Another half of daru-io, comes in the form of Exporters. These exporters are quite necessary when trying to work with a team of diverse skill-sets. Say, one of the team members is a R programmer, who isn’t able to quite get data from the GitHub Graph API. Using the JSON Importer, you can easily provide JSON-paths and import the dataframe, run preliminary cleaning with daru and then export to a common format (csv / xls / json / rds / rdata) for your friend to pick up where you left.

Without Data Analysis?

Infact, it’s not even required that you need to have a data-analysis use-case. Even for building a web application dashboard with various “Download as” options, daru-io can be used as a general purpose conversion library with dataframe as it’s intermediate data structure.

Why daru-view?

Charts

Charts are an integrable part of the visualization. There are multiple gems that provide multiple kinds of charts that includes simple charts such as Pie chart, Bar chart, Line chart to complex charts such as Geo-spatial charts, Temperature charts and so on. Daru-view is built on the adapter principle, wherein support is provided for many plotting libraries, and adapter to be used has to set before plotting.

Table

Tables are another important part of visualizing data, that enable viewing individual data points in a plain tabular form. DataTables offer the features to paginate, search and sort based on any column of the table. This has been used by the daru-view table to easily present a dataframe in a tabular form.

Without data analysis?

As a web developer, you might have to present an admin dashboard to your data analyst colleague / boss with different charts and tables between various features and labels. In such cases of building a dashboard with visualizations, you can just simply use daru-view rather than researching through all of the different plotting libraries.

Daru family usage

We saw the individual use-cases of the daru family : daru, daru-io and daru-view. Here’s what I think could be a typical interesting use-case of the daru family. Import dataframe(s) from complexly nested JSON API response(s) (with daru-io Importer), pre-process and compute them (using daru), and finally build a dashboard with visualizations (using daru-view) and export the results to a format of your choice as end-result (using daru-io Exporter).

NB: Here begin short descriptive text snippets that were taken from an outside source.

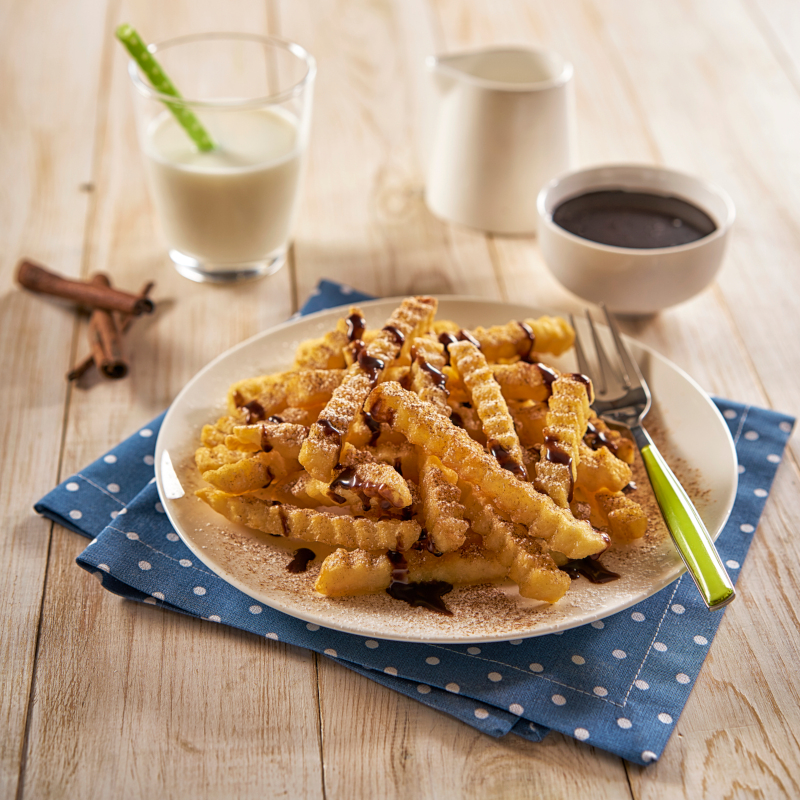 Crinkle Fries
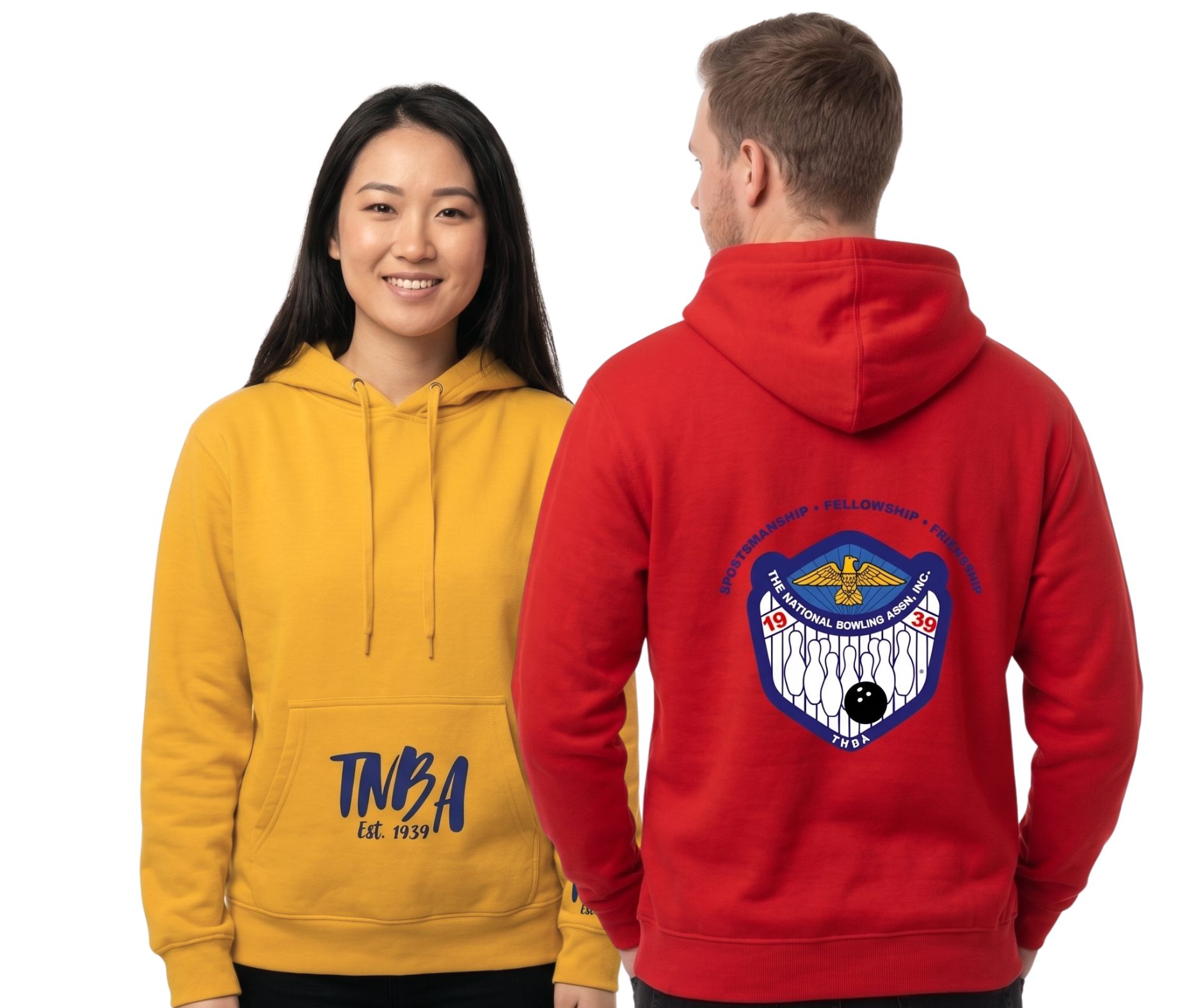TNBA "EST. 1939" Heritage Bowling Hoodie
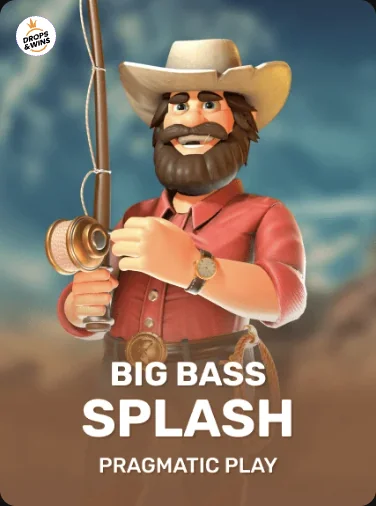 Hadesbet Casino: Big Bass Splash game tile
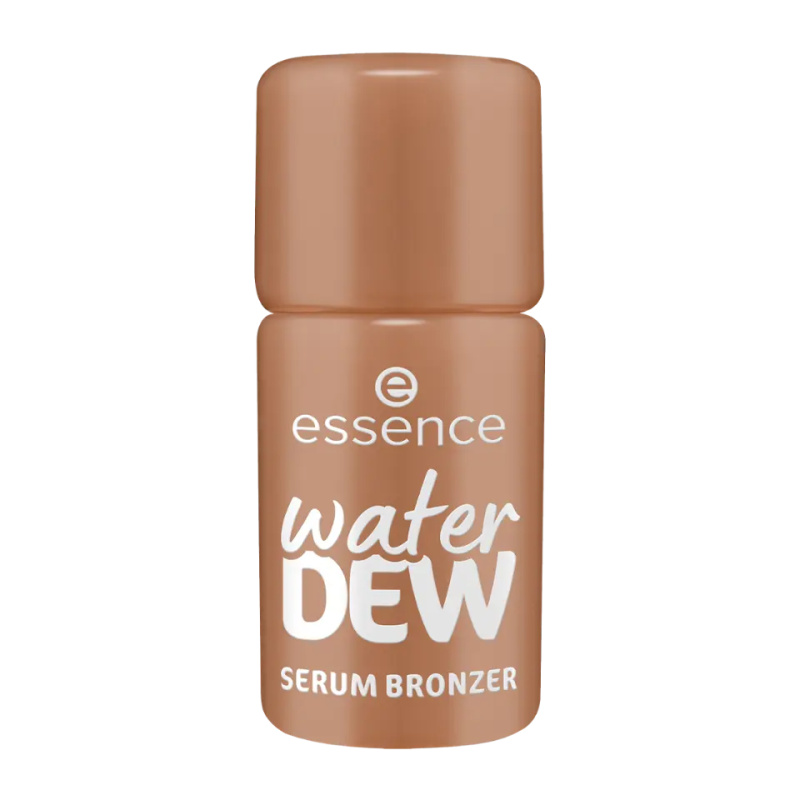 essence water DEW SERUM BRONZER tekutý bronzer s rozjasňujícím efektem odstín 10 Latte Drop 3.5 ml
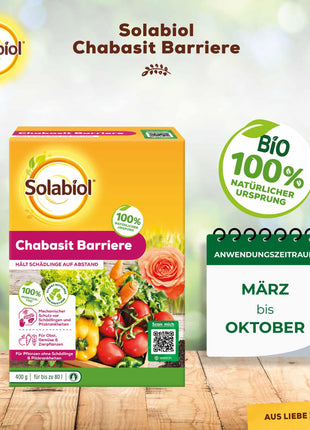 Solabiol Chabasit Barriere 400 g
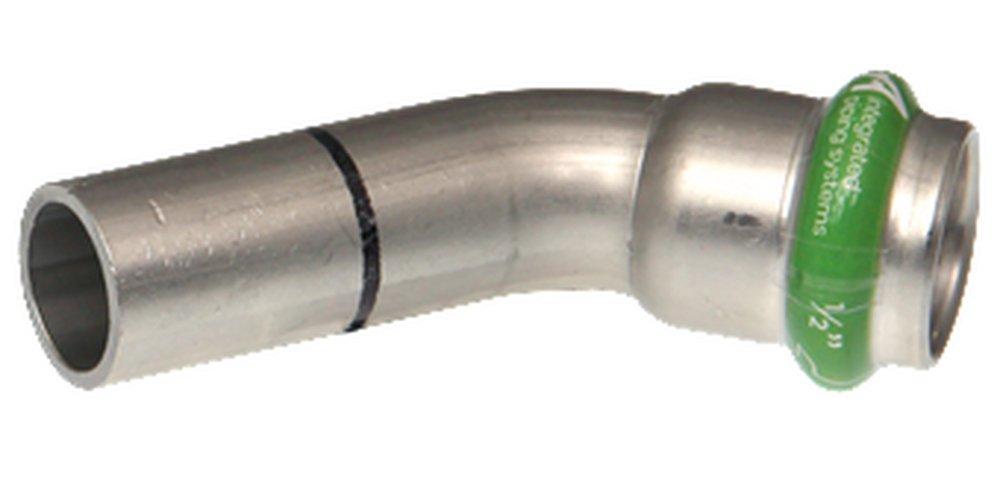 3/4 316 SS 45 ELBOW - STREET P X FTG WITH EPDM SEALING ELEMENT 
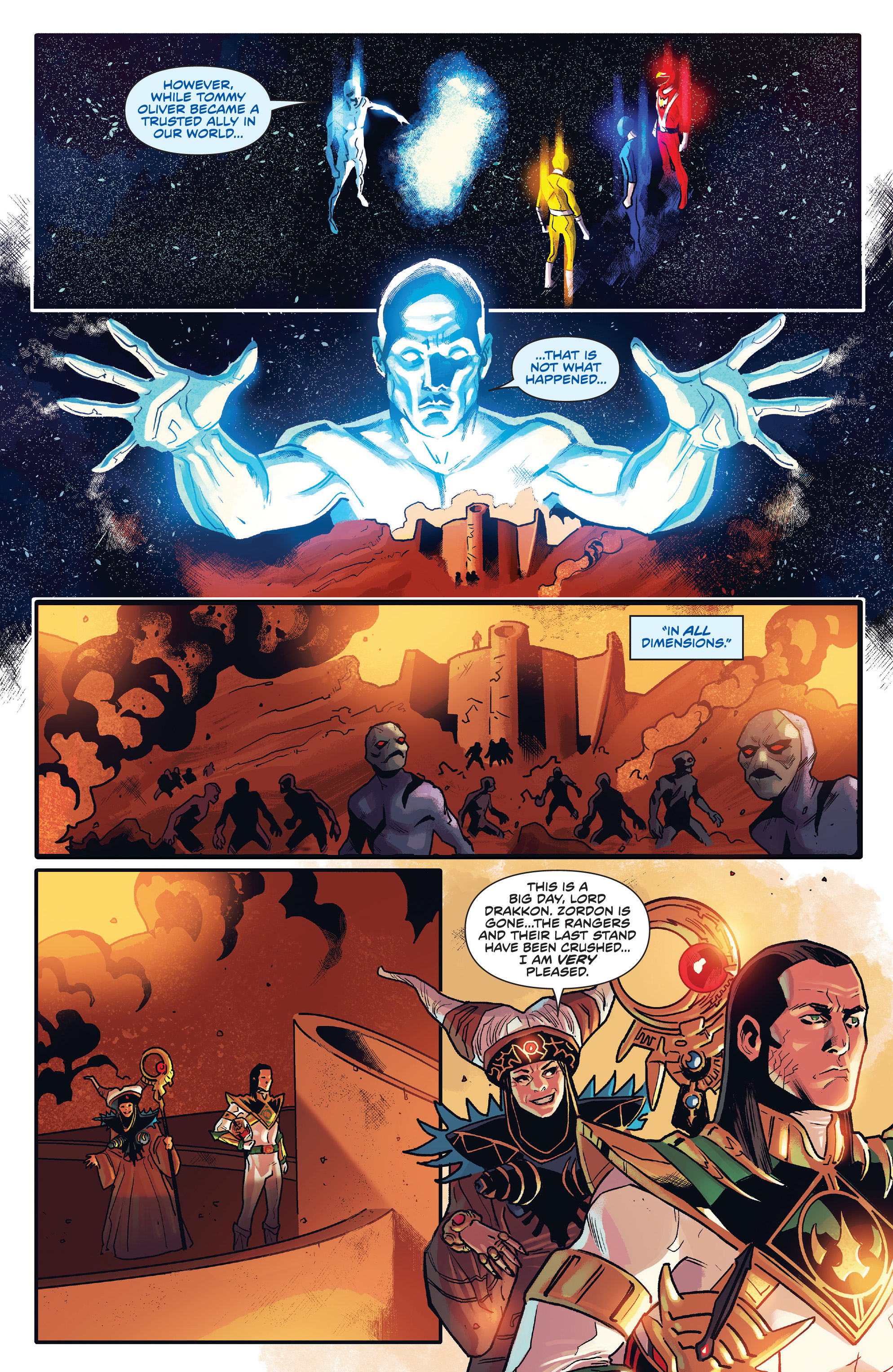 Mighty Morphin Power Rangers: Shattered Grid (2019) issue 1 - Page 73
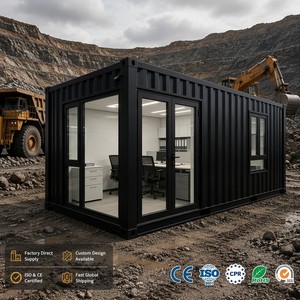 Luxury Eco A-Frame Cabin Container House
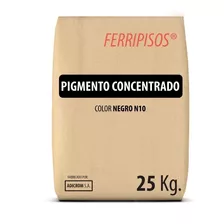 Pigmento Concentrado N10 X 25 Kg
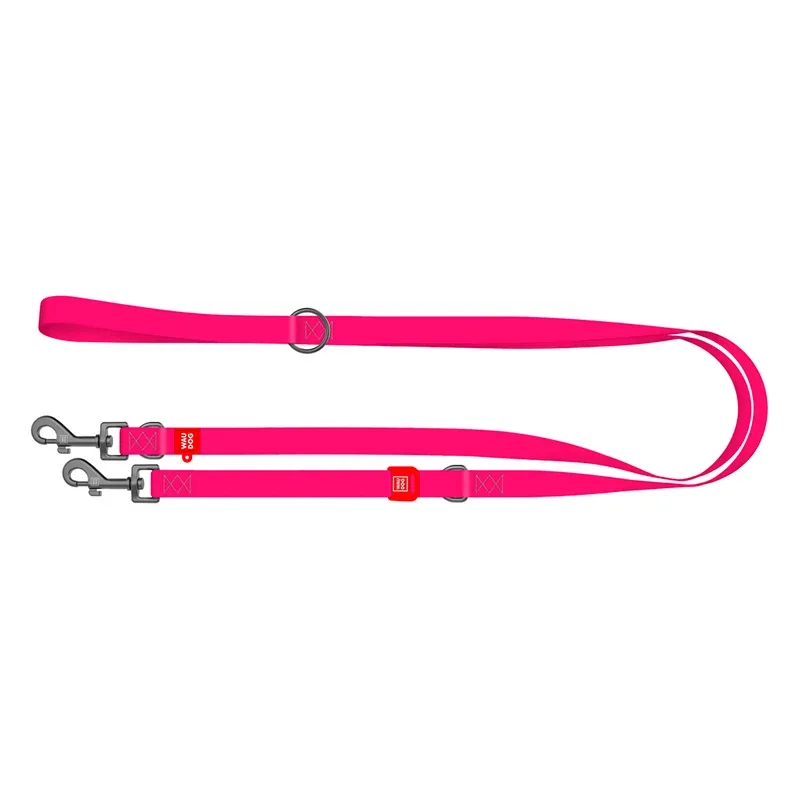 Hundeline WP pink, justerbar 20 mm x 200 cm - Image 2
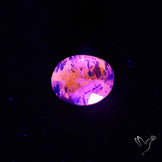 Malagasy Rare Quartz with Lazulite Inclusions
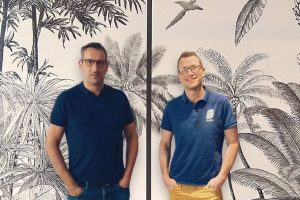 Yan Bailly et Frédéric Domon fondateurs Cikaba / Photo DR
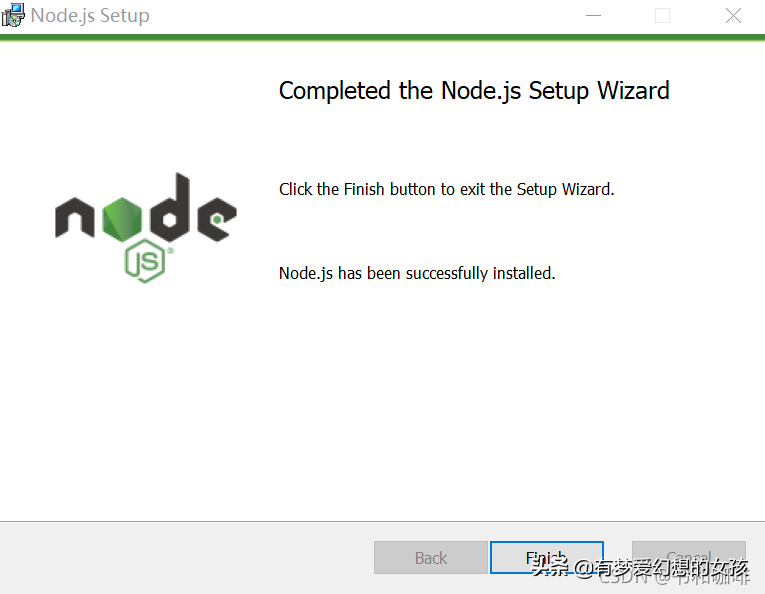安装node.js步骤（node安装详细步骤）(5)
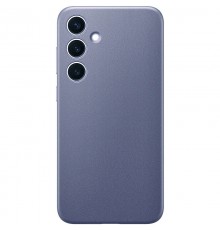 Шкіряний чохол Leather Case (AAA) для Samsung Galaxy S24+ Violet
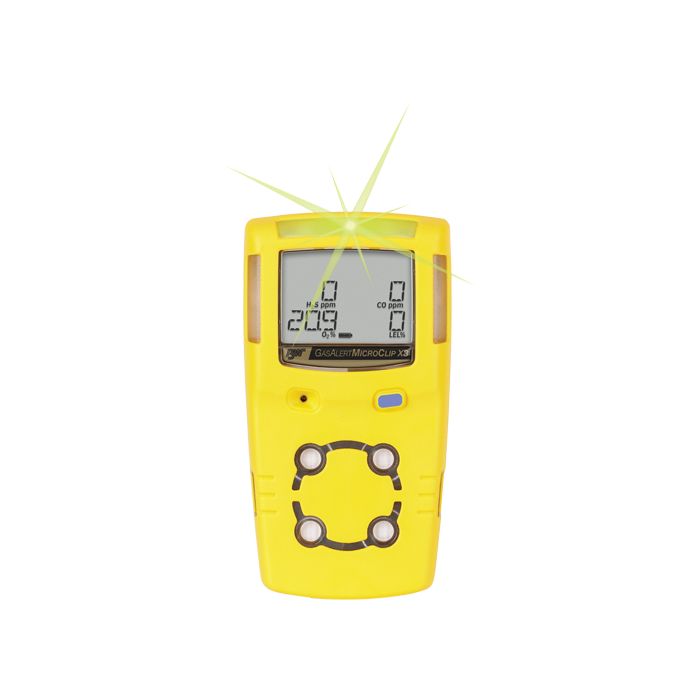 BW™ MicroClip X3 Multi-Gas Detector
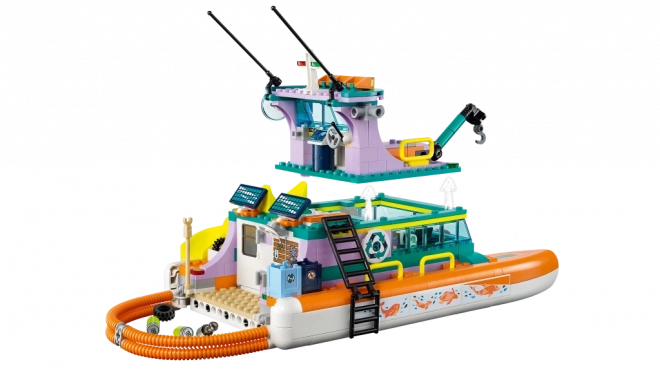 LEGO Friends námornícka záchranárska loď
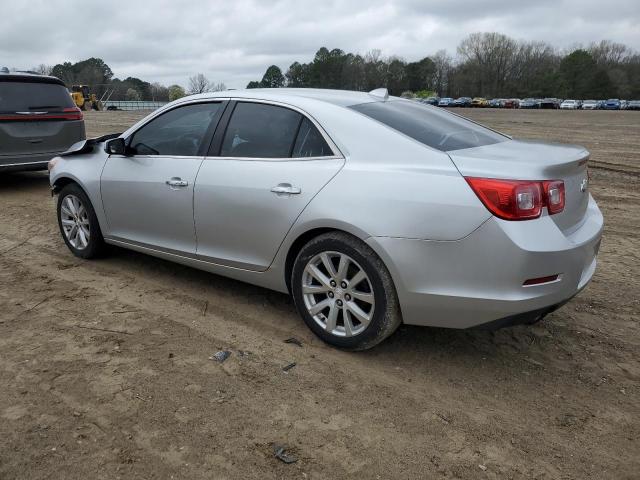 1G11H5SA9DF261543 - 2013 CHEVROLET MALIBU LTZ ვერცხლისფერი ფოტო 2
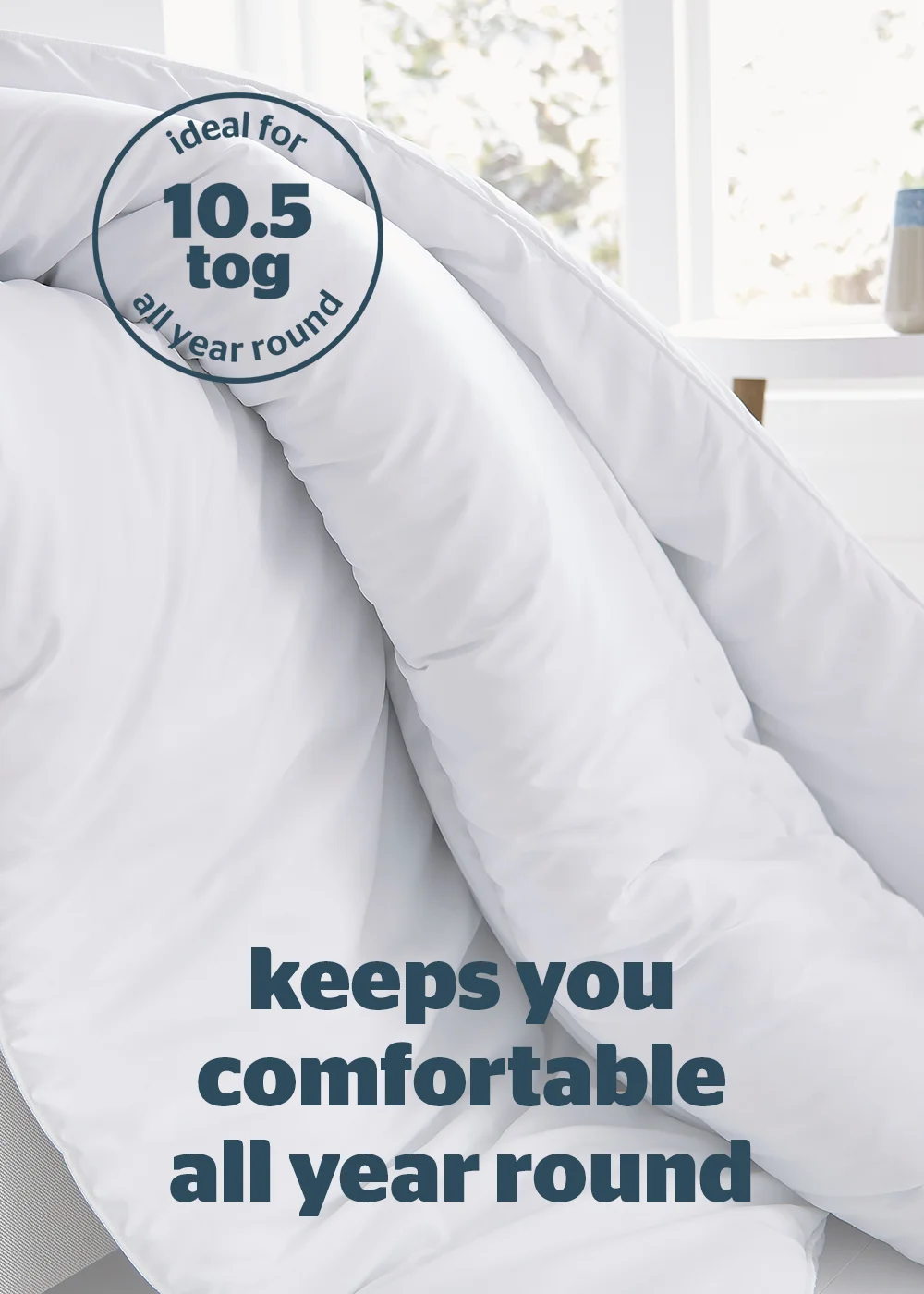 Silentnight Ultrabounce Duvet (10.5 Tog) - Single Image 5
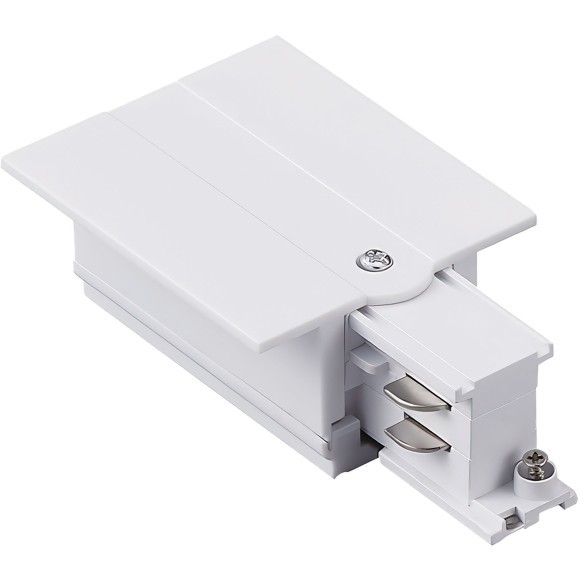 Питание боковое встраиваемое к треку 5030xx-R Quattro Lightstar 503116-RPS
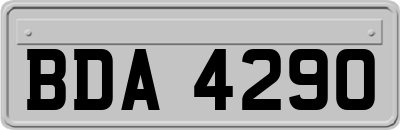 BDA4290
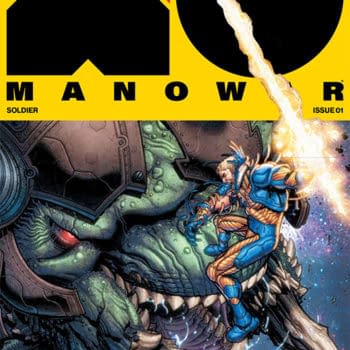 The First Exclusive Retailer Variant With An Exclusive Extra Eight Pages Too &#8211; X-O Manowar For Collector's Paradise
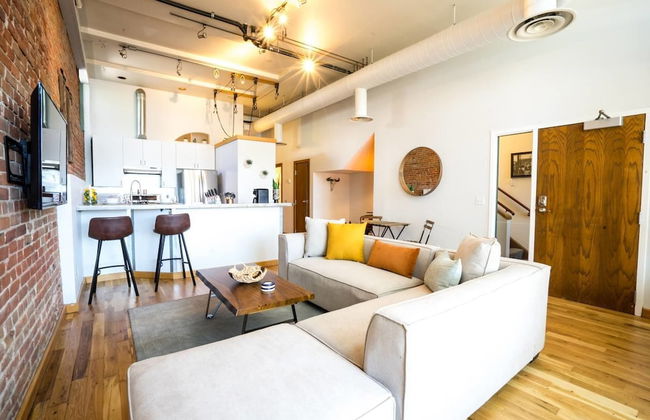 Modern Lohi Loft in Historic Building - Foto 7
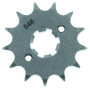BikeMaster 965678 Yamaha Front Sprocket 428 13T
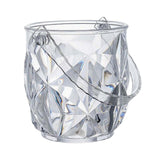 Maxbell Portable Ice Bucket Champagne Beer Wine Chiller for Restaurant Bar Home 1.2L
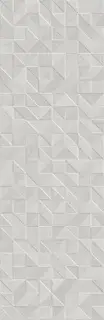 Керамическая плитка Оригами серый / Rev. Origami gris 25x75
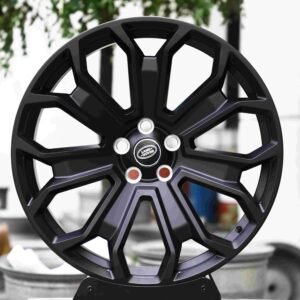 Land Rover Range Rover / Defender Forged Wheels – Matte Silver 7 Y-Spoke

How I am best person to speak on this topic

We are 2 speakers :

About Shekhar Prasad Rajak :

I am one of the contributor of daru github repository and my Google Summer of Code 2017 project is related to daru gem. I am author of plugin gem for daru, named daru-view which provides interactive charts in web application as well as IRuby Notebook. So I have expert level knowledge on this topic. I can convey my thought easily. My work during GSoC 2017 is described here.


About Athitya Kumar:

By working with the daru family for about 9 months now, I feel that I’ve a good grasp of the current scenario of the daru family and familiarity of the codebase. Being the author of daru-io, I think I’d be the best person to represent it during a talk along with the rest of the daru family.


Talking about our work at SciRuby in front of the very people that have made the Ruby language what it is now will prove very valuable for developers wanting such a tool in Ruby and for us as an organization for getting more contributors and users onboard.